Sharp.. Love Geko's boardcut design.. It looks good.


----------



## torsten (Feb 9, 2010)

I got some of these slings from Geko.
They are very, very ergonomic and
very, very, very accurate shooters!!

This is vid from another sling-enthusiast using this design!


----------



## RIDE (Mar 19, 2010)

Seriously....if you would be willing to make more....I'd LOVE to own one!

I keep coming back to this thread...I really love the look!

RIDE


----------



## ZDP-189 (Mar 14, 2010)

Thanks for all the comments.



RIDE said:


> Seriously....if you would be willing to make more....I'd LOVE to own one!
> 
> I keep coming back to this thread...I really love the look!
> 
> RIDE


If Geko's selling them I'll not pirate his design, so I won't be selling these. I won't even sell this one. Anyway, I need it for playing with in the workshop.
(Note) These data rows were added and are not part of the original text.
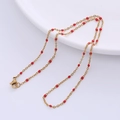 Detail of a golden chain necklace with small red beads and a secure lobster clasp - Gold - Red Beads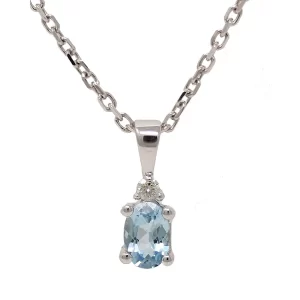 oval aquamarine pendant with a tiny diamond at the bottom of the bail
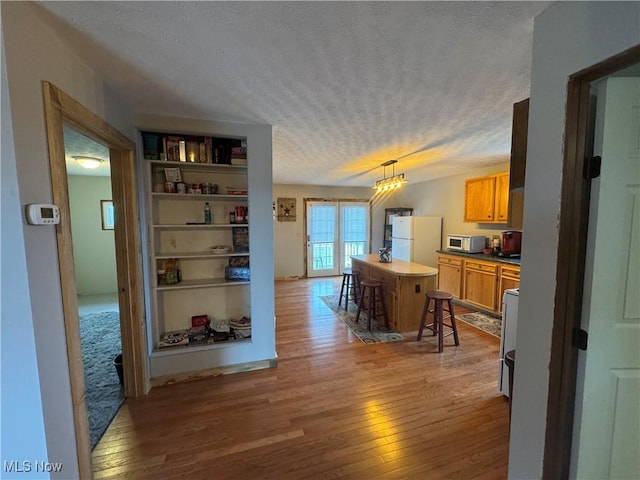 kitchen with a breakfast bar area, hanging light fixtures, hardwood / wood-style flooring, white appliances, and a textured ceiling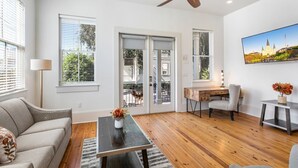 Un salon moderne avec un ventilateur de plafond, une table basse en bois sur laquelle est posé un vase, un canapé, un bureau avec une chaise et une grande fenêtre avec des stores.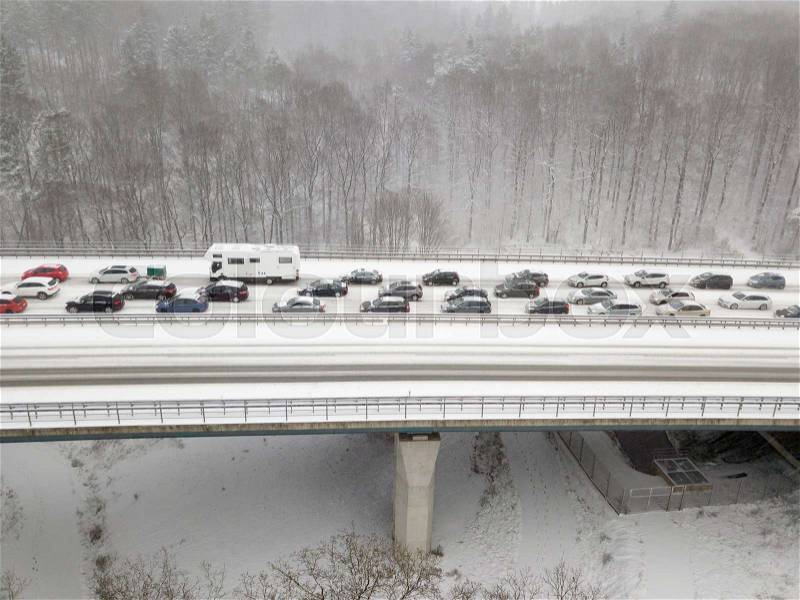 Cars on a highway bridge during a heavy snowfall in winter, stock photo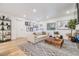 Open concept living room with light floors, stylish decor, and plenty of natural light at 401 N Manhattan Ave, Tampa, FL 33609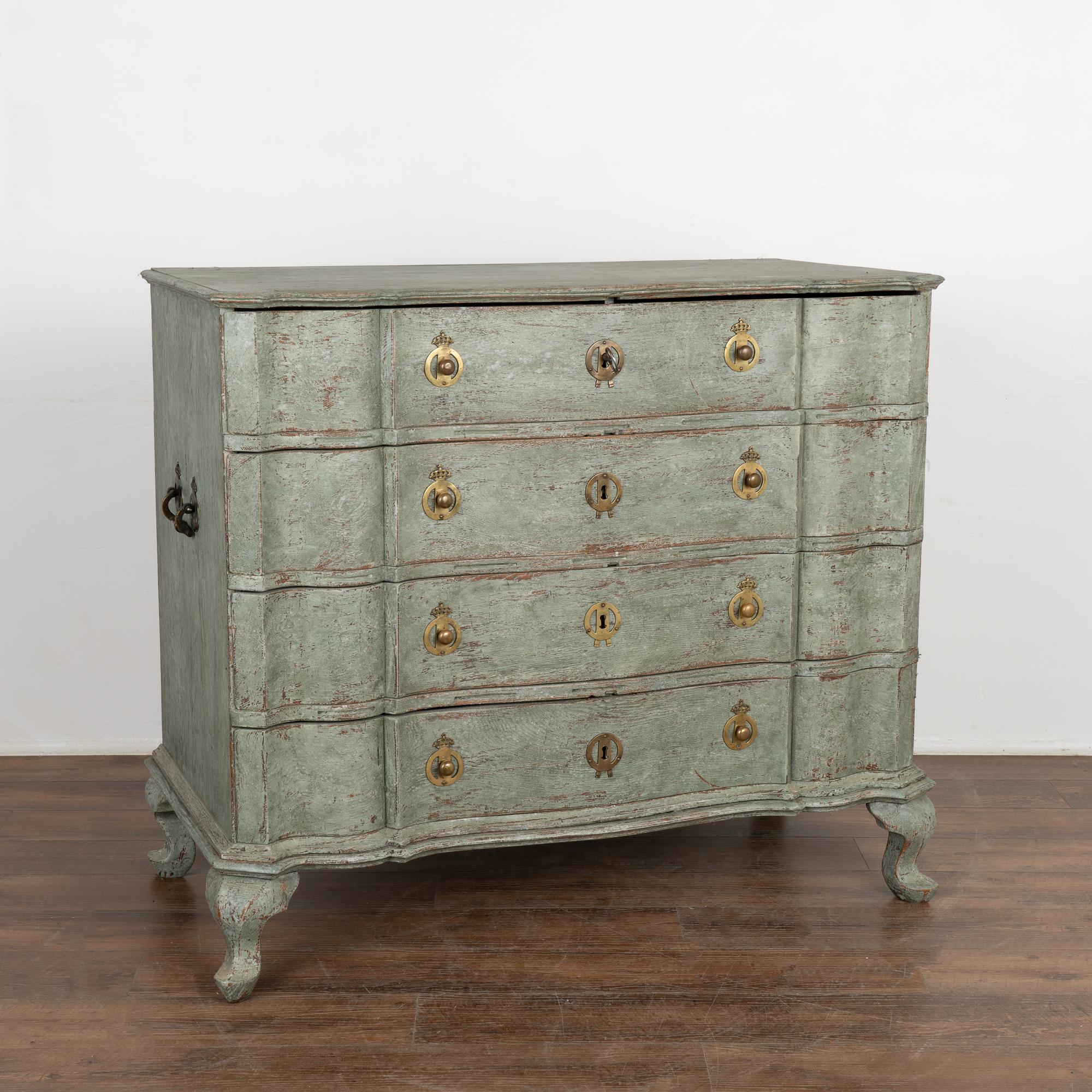 This large antique rococo oak chest of drawers features a serpentine front, handsome brass hardware pulls and rests on cabriolet feet.
It has been given an exceptional new professional seafoam green layered painted finish and has been lightly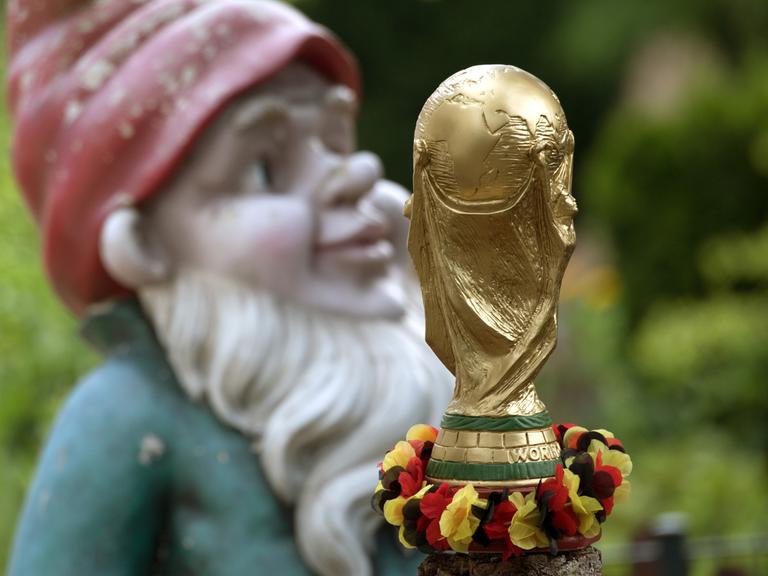 Ein nachgebildeter FiFA-WM-Pokal mit einer Girlande in den deutschen Nationalfarben und ein großer Gartenzwerg stehen in einem Vorgarten in Kleinmachnow (Brandenburg).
I tell you what, I'll make you one with my modifications (without charge). Message me your address.


----------



## RIDE (Mar 19, 2010)

ZDP-189 said:


> Seriously....if you would be willing to make more....I'd LOVE to own one!
> 
> I keep coming back to this thread...I really love the look!
> 
> RIDE


If Geko's selling them I'll not pirate his design, so I won't be selling these. I won't even sell this one. Anyway, I need it for playing with in the workshop.

I tell you what, I'll make you one with my modifications (without charge). Message me your address.
[/quote]

Kudos for respecting his design.

And..........message sent.









RIDE


----------



## ZDP-189 (Mar 14, 2010)

RIDE/Steve, it's in the post!


----------



## njenkins (Feb 3, 2010)

Guys Geko shows how to make a boardcut slingshot in a Youtube video. This design is what he shows how to make, pretty sure most everybody could whip one up themselves if they really wanted. I know eventually, I'll give it a try.


----------



## dragonmaster (Dec 24, 2009)

Thats a great looking shooter I to love the design and after reading this post over and over watching the videos the same. I decided to take my steal ergo that had a design that was not far off from his. The forks were wider and taller and made out of steal. Did a little slicing and dicing some wielding and came up with my one version its not finished yet but shoots great.


----------



## Jtslingshoter (Dec 18, 2009)

Very nice. JT


----------



## fish (Dec 24, 2009)

lovely shape,good to see so many folk using hunter bands!


----------



## ZDP-189 (Mar 14, 2010)

fish said:


> lovely shape,good to see so many folk using hunter bands!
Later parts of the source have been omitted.